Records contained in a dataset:

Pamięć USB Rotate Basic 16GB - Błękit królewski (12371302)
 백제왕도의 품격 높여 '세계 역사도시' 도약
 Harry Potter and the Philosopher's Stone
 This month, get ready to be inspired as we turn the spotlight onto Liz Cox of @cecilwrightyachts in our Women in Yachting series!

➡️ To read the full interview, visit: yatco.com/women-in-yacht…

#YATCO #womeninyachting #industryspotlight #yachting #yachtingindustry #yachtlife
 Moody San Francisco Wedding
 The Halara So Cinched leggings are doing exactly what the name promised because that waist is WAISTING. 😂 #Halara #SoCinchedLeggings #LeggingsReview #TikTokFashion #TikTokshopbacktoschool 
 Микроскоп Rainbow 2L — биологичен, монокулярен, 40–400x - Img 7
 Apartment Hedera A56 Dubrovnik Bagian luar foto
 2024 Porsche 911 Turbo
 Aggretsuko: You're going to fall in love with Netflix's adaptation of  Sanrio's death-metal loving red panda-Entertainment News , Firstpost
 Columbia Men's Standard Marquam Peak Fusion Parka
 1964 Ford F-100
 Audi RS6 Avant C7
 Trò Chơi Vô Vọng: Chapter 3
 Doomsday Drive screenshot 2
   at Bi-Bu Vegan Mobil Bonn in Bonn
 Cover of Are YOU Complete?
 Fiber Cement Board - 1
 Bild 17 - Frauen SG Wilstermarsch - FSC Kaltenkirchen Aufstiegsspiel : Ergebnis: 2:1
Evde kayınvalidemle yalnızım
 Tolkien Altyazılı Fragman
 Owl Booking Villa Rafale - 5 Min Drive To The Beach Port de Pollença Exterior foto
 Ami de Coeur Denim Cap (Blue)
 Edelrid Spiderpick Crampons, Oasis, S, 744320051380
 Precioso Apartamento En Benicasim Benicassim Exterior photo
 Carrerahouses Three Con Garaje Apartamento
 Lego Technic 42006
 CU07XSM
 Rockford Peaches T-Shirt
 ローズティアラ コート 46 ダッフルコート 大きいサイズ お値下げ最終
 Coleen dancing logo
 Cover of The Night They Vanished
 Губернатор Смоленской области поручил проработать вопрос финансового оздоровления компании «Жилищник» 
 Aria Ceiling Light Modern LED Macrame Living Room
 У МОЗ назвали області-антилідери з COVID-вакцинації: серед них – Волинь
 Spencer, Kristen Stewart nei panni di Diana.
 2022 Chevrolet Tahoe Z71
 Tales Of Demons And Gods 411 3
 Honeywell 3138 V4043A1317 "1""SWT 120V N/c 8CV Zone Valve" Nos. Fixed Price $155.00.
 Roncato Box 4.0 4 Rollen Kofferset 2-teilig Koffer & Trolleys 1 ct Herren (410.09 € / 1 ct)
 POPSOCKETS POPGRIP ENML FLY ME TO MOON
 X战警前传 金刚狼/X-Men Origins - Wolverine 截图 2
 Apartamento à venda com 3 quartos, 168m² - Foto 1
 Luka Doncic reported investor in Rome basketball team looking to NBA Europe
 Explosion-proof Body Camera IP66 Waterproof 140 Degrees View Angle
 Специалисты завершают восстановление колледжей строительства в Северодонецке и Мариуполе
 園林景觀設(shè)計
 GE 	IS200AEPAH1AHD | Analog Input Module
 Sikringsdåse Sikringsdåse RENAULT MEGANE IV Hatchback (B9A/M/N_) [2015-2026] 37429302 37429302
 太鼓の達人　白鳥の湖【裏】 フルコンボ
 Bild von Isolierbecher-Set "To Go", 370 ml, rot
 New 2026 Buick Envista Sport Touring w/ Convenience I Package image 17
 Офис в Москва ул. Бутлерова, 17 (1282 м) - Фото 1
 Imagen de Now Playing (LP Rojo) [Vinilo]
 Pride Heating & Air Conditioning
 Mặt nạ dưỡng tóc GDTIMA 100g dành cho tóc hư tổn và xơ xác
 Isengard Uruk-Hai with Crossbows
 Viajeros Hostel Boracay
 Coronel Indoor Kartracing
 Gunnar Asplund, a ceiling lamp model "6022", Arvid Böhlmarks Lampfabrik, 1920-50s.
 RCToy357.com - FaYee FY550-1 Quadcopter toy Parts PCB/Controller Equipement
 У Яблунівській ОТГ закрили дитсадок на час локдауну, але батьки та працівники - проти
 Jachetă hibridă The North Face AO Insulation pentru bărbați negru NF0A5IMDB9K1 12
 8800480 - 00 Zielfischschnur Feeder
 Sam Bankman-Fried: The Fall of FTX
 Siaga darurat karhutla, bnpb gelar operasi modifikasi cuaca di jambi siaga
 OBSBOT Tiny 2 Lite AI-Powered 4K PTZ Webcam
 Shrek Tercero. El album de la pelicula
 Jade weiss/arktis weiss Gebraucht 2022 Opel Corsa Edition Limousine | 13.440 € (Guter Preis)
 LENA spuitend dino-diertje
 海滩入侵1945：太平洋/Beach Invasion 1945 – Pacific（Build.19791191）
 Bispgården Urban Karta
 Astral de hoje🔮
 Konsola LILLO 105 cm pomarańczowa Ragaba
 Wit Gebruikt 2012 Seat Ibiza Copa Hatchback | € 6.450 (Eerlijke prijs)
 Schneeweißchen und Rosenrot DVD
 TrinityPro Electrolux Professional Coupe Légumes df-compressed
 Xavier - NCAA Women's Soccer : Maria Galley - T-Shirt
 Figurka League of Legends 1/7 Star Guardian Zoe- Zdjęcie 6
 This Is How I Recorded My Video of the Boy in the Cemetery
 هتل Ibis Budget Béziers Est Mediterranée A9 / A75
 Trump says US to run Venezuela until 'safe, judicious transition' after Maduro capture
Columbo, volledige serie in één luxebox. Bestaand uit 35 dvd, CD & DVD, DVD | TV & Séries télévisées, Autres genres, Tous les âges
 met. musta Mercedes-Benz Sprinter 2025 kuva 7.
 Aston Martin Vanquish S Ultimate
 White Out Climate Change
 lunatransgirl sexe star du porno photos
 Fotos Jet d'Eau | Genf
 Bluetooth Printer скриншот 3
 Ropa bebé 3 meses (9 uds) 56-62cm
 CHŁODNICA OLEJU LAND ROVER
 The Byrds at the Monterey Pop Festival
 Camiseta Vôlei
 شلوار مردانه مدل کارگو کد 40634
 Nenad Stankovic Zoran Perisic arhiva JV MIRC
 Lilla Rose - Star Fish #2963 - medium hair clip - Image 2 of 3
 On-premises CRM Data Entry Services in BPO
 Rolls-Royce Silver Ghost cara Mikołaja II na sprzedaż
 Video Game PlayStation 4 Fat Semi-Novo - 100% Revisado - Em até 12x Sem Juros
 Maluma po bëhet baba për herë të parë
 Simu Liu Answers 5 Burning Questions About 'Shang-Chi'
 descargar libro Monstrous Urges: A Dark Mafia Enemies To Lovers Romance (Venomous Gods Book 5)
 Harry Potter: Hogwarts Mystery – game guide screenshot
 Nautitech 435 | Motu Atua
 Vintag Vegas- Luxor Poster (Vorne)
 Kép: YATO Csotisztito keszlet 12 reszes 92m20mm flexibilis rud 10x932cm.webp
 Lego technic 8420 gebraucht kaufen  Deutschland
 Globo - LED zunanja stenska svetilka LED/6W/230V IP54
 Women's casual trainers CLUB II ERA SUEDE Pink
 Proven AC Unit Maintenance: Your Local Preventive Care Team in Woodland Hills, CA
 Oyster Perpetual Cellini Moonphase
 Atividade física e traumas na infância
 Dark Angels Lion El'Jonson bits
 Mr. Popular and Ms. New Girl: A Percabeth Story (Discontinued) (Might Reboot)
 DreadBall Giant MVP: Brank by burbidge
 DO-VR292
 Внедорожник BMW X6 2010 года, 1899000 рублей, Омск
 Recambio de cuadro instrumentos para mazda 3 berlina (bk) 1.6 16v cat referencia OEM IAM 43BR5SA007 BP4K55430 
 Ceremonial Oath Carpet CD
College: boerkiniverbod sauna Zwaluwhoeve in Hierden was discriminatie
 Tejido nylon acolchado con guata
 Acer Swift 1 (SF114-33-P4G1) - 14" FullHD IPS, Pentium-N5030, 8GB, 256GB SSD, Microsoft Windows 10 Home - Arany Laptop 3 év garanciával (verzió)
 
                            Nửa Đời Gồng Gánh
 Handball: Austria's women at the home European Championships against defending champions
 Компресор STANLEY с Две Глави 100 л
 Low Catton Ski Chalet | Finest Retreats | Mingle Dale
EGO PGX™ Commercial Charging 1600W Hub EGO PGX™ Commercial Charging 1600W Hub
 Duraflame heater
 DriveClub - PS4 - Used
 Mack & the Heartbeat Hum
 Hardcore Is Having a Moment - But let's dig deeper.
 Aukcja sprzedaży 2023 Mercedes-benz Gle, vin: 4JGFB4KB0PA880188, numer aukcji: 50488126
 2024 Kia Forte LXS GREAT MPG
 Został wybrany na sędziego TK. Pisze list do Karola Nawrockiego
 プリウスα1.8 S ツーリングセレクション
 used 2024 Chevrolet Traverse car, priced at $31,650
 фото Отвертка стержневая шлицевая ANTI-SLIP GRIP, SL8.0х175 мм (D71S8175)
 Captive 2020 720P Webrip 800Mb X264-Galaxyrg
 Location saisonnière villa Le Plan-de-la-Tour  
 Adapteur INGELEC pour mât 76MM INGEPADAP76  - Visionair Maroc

WHAT YOU ARE ASKED TO DO
Lines from the top of the entries through the line with "Evde kayınvalidemle yalnızım" are to be transcribed exactly, and nothing more.

SOLUTION TO THE PROBLEM
Pamięć USB Rotate Basic 16GB - Błękit królewski (12371302)
 백제왕도의 품격 높여 '세계 역사도시' 도약
 Harry Potter and the Philosopher's Stone
 This month, get ready to be inspired as we turn the spotlight onto Liz Cox of @cecilwrightyachts in our Women in Yachting series!

➡️ To read the full interview, visit: yatco.com/women-in-yacht…

#YATCO #womeninyachting #industryspotlight #yachting #yachtingindustry #yachtlife
 Moody San Francisco Wedding
 The Halara So Cinched leggings are doing exactly what the name promised because that waist is WAISTING. 😂 #Halara #SoCinchedLeggings #LeggingsReview #TikTokFashion #TikTokshopbacktoschool 
 Микроскоп Rainbow 2L — биологичен, монокулярен, 40–400x - Img 7
 Apartment Hedera A56 Dubrovnik Bagian luar foto
 2024 Porsche 911 Turbo
 Aggretsuko: You're going to fall in love with Netflix's adaptation of  Sanrio's death-metal loving red panda-Entertainment News , Firstpost
 Columbia Men's Standard Marquam Peak Fusion Parka
 1964 Ford F-100
 Audi RS6 Avant C7
 Trò Chơi Vô Vọng: Chapter 3
 Doomsday Drive screenshot 2
   at Bi-Bu Vegan Mobil Bonn in Bonn
 Cover of Are YOU Complete?
 Fiber Cement Board - 1
 Bild 17 - Frauen SG Wilstermarsch - FSC Kaltenkirchen Aufstiegsspiel : Ergebnis: 2:1
Evde kayınvalidemle yalnızım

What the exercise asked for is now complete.